Are you sure that you know what the sport is?


----------



## derekb727 (Dec 22, 2007)

I believe so... 

But I have the feeling since you are asking that question I might be missing something... at least that is what I feel you are implying


----------



## Sepp (Dec 10, 2002)

The "Quattro sport" as some folks call it, is generally the mid '90's Audi 90 quattro, with a sport package. 4 doors, very nice car. (the first Audi quattro equipped car with a "sport" package that I know of.) 










The Sport Quattro is a very limited production car, made to satisfy the Homologation requirements, so Audi could race the car in the Groub B rally circuit. 










Just 5, or so were ever officially imported to the states, and few change hands world-wide. 
When they do, it often brings 50,000-100,000 dollars a sale. 
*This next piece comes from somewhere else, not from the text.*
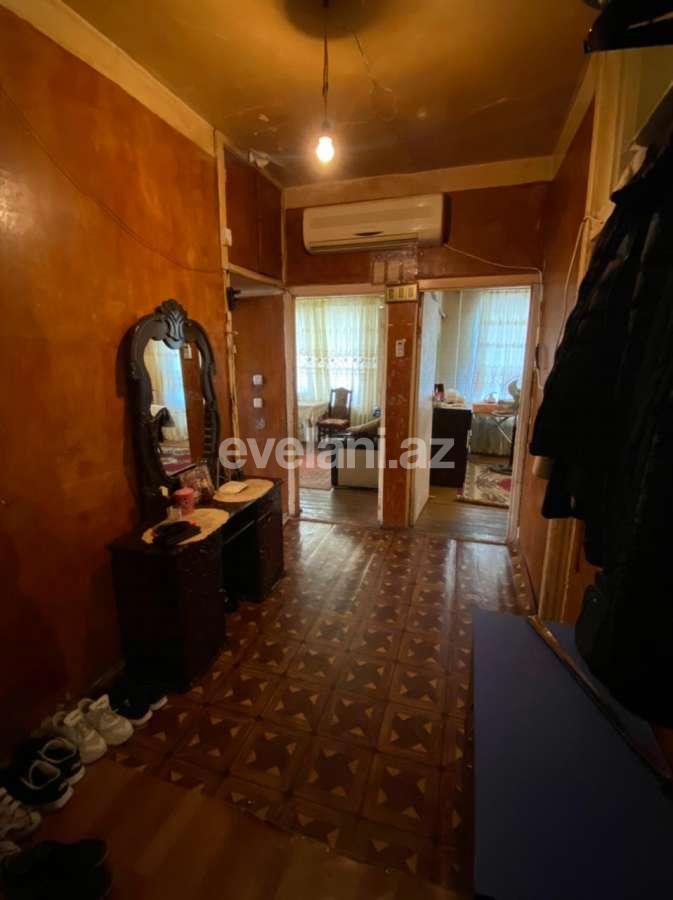 Satılır, köhnə tikili, 4 otaqlı, 120 m², Bakı, Binəqədi r, 9-cu mikrorayon q, Nəsimi m.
Your best bet is to locate one overseas, and import it. 
AM cars in the UK occasionally has one for sale...average price 70,000 EURO


----------



## WAUOla (Apr 15, 2005)

Sepp said:


> Your best bet is to locate one overseas, and import it.
> AM cars in the UK occasionally has one for sale...average price 70,000 EURO


Have to update you here Sepp.
The Sport quattros seem to have had a fair raise in price the latter years, I'd say the average is about 110 000 Euro now - approx 150 000 USD


----------



## Sepp (Dec 10, 2002)

Thanks for the update!

I'm not surprised that they are going for so much.


----------



## WAUOla (Apr 15, 2005)

Me neither, but it makes me sad thinking of my future - don't think I ever can afford one, and newer cars are boring compared to the 80s "monsters" I think...


----------